→ **The data**
◆ ◆ ◆ ◆ ◆ ◆ ◆

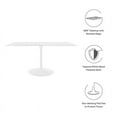 thumbnail image 4 of Modway Lippa Rectangle Modern Wood Top Dining Table in White, 4 of 8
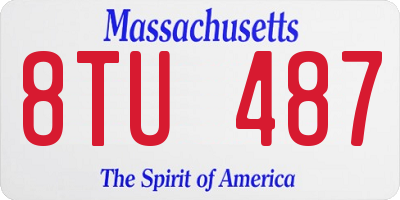 MA license plate 8TU487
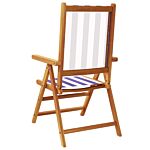 Vidaxl Reclining Garden Chairs 6 Pcs Blue And White Fabric And Solid Wood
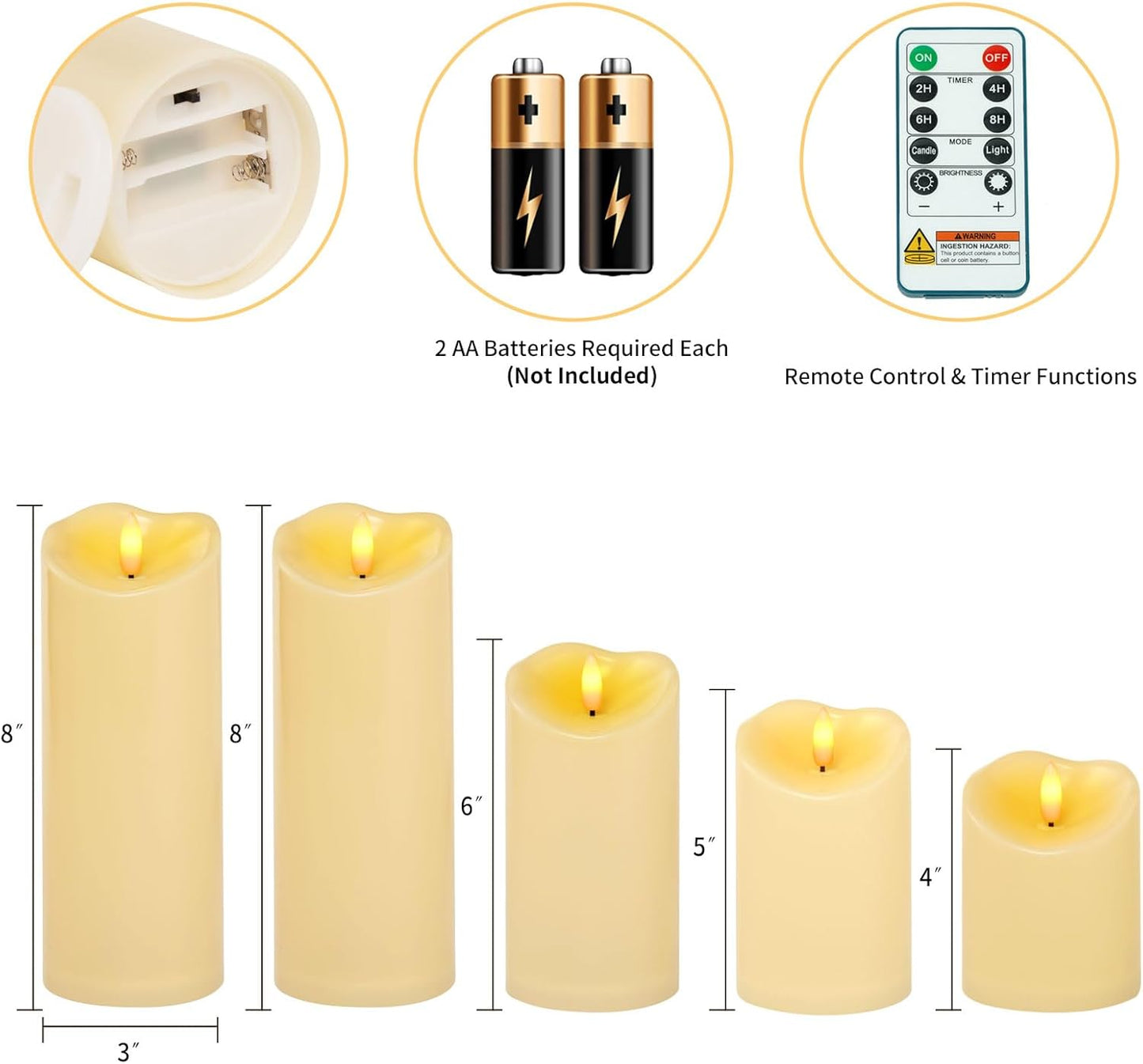 Amagic Waterproof Outdoor Flameless Candles with Remote, LED Candles Battery Operated with Timer, Flickering Fake Pillar Candle for Outside Patio Yard Decor, Dark Ivory, Set of 5, D3 X H4 5" 6" 8" 8"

◆ ◆ ◆ ◆ ◆ ◆ ◆

→ **Task to carry out**
Take the line that contains "MA license plate 8TU487" and all lines after it to the end of the material above, and copy them verbatim without any images.

→ **Exercise solution**
 MA license plate 8TU487
 Vidaxl Reclining Garden Chairs 6 Pcs Blue And White Fabric And Solid Wood
 Amagic Waterproof Outdoor Flameless Candles with Remote, LED Candles Battery Operated with Timer, Flickering Fake Pillar Candle for Outside Patio Yard Decor, Dark Ivory, Set of 5, D3 X H4 5" 6" 8" 8"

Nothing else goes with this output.